Dear People,

I am a seagull.

In fact, I am a herring gull, but I cannot expect you to be able to tell gulls apart, when I know that there are actually human beings that some of you think all look alike.

The reason I am writing is to see if we might explore the possibility of improving relations between you and us.

I confess, I am not unduly optimistic about this, in the light of certain unsympathetic letters to the Echo over recent times. But seagulls have been here at least as long as people, so we really ought to be able to find a way of getting on together.
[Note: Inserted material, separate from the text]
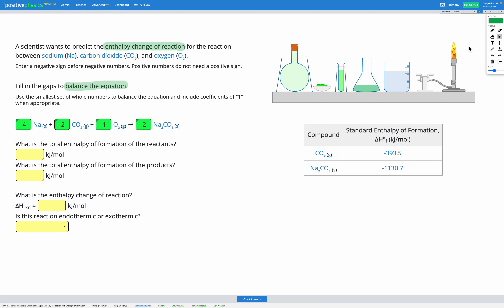We're going to be calculating the total enthalpy of formation of the reactants and the total enthalpy of formation of the products. The enthalpy of formation is the energy change when a compound is formed. For carbon dioxide, when it gets formed from carbon and oxygen, the enthalpy change is negative 393.5 kilojoules per mole — meaning 393.5 kilojoules of energy are released. Similarly, for sodium carbonate, when formed from sodium, carbon, and oxygen, we have 1,130.7 kilojoules of energy released, because of that negative sign.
I and my wife were born here and have lived here for 20 years, which is a good deal longer than some of your anti-gull correspondents.

Yes, I accept that seagulls can sometimes be rather boisterous; but no more, I think, than the frequent gatherings of young people on the north harbourside – and surely no noisier than the helicopters that fly around here morning, noon and night.

Finally, allow me please to point out that the coronavirus lockdown had an adverse effect on us seagulls as well as on you people. For month after month the absence of visitors meant that we were deprived of burgers and fried chicken and chips and ice cream and all manner of other delights. As these appear to be your favourite foods as well as ours, can we accept that we have a common heritage?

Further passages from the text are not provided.